======== Input data ========

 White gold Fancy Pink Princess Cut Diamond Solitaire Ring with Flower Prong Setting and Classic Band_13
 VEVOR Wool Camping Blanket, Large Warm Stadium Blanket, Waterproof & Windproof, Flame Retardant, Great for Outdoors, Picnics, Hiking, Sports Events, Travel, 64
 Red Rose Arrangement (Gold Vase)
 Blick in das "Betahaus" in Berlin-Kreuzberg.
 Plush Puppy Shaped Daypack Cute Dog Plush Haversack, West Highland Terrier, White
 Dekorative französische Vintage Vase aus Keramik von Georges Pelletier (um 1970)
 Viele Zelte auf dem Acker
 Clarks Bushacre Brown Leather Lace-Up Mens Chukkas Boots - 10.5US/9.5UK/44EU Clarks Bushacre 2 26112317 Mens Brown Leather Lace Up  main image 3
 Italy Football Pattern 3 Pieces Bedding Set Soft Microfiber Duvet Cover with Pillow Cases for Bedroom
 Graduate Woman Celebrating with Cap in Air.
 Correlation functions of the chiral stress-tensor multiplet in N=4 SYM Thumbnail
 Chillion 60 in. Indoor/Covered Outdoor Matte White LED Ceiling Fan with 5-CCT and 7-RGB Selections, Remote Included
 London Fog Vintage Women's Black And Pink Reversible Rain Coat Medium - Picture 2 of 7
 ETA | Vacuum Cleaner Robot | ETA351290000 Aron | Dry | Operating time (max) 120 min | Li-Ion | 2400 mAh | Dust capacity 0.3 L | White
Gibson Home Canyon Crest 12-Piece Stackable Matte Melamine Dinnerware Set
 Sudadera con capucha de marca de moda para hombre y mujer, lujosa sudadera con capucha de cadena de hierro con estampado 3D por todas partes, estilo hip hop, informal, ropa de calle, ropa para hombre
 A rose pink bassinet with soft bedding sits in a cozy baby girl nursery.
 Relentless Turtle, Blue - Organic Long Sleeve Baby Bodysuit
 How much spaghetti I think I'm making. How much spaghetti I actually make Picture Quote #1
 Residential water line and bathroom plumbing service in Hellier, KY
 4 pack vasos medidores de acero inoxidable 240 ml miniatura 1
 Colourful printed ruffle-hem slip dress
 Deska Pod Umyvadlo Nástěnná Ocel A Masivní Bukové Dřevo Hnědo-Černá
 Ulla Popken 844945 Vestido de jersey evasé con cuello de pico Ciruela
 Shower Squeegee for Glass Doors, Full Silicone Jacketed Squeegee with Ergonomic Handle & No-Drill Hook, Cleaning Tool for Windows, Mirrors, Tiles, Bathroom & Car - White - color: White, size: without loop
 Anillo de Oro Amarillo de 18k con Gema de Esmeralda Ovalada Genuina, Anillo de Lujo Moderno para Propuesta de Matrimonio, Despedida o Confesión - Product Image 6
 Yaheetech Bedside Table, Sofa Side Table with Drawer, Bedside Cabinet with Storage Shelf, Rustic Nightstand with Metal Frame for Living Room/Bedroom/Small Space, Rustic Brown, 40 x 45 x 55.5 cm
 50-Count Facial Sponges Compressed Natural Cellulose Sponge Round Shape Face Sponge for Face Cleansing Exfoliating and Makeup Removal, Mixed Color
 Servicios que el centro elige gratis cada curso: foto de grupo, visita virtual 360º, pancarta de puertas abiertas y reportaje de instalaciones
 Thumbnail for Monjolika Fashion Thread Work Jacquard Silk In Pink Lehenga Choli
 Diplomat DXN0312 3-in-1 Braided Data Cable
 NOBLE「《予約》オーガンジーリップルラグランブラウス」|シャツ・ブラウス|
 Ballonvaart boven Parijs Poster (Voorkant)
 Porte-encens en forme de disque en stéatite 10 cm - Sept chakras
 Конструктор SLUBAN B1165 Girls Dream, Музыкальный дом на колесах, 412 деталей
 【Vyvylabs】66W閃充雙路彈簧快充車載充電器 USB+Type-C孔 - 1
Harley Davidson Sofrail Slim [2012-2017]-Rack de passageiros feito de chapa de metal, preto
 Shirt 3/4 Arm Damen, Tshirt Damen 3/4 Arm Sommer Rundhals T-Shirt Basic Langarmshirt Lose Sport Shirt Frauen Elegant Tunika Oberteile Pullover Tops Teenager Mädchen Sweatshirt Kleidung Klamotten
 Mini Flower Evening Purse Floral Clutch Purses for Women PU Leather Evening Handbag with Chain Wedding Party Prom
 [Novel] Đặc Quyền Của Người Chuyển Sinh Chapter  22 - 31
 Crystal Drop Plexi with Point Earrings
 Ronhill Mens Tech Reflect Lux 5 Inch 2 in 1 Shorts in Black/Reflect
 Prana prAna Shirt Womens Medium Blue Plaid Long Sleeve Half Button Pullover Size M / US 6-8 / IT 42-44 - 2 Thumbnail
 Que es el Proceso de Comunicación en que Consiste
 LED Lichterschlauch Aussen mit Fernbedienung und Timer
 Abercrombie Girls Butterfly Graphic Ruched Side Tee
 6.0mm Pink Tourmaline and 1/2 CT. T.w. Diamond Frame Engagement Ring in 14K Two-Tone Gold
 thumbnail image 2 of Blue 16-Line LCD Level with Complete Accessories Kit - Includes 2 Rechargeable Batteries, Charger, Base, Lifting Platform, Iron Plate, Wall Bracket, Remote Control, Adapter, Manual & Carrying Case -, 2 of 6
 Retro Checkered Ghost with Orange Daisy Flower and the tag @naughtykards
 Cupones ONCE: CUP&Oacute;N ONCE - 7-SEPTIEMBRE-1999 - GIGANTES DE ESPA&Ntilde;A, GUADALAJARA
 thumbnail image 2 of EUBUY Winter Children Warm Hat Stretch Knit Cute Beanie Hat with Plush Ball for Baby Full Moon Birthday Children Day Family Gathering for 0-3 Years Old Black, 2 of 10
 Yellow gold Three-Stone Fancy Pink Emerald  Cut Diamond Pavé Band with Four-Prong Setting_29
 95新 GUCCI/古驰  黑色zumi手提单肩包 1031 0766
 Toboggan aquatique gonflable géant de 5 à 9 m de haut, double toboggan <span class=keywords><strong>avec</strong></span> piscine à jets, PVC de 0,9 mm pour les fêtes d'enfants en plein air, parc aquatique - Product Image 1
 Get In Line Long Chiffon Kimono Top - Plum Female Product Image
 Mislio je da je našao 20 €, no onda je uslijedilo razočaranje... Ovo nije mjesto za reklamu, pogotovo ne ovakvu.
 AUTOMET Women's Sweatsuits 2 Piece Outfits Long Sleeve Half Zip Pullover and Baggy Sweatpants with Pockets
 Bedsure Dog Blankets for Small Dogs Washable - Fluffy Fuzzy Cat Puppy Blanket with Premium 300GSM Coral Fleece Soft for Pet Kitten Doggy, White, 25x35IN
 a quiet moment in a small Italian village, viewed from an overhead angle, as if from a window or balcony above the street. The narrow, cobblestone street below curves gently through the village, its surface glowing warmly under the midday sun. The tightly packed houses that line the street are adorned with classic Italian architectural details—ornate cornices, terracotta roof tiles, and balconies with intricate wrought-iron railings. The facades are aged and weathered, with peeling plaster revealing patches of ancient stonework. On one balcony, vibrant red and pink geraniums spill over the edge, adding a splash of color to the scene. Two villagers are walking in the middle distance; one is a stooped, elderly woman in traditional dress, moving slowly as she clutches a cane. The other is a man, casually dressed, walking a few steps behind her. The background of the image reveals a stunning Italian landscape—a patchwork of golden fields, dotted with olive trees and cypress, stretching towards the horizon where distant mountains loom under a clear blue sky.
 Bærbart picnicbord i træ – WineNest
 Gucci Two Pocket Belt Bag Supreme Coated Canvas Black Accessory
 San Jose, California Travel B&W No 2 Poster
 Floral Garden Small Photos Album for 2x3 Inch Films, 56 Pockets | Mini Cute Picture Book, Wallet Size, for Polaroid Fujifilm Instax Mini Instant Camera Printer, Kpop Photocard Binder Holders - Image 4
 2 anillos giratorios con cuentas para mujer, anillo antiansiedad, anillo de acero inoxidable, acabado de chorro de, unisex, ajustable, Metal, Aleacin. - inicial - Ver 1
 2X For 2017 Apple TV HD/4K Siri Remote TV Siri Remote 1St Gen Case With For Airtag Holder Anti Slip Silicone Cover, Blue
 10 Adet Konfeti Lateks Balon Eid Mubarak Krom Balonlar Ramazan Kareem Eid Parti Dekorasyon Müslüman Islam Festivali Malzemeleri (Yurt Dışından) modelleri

========

What you need to do –
When a line of the records holds the word "Poster", copy that line.

Answer below –
 Ballonvaart boven Parijs Poster (Voorkant)
 San Jose, California Travel B&W No 2 Poster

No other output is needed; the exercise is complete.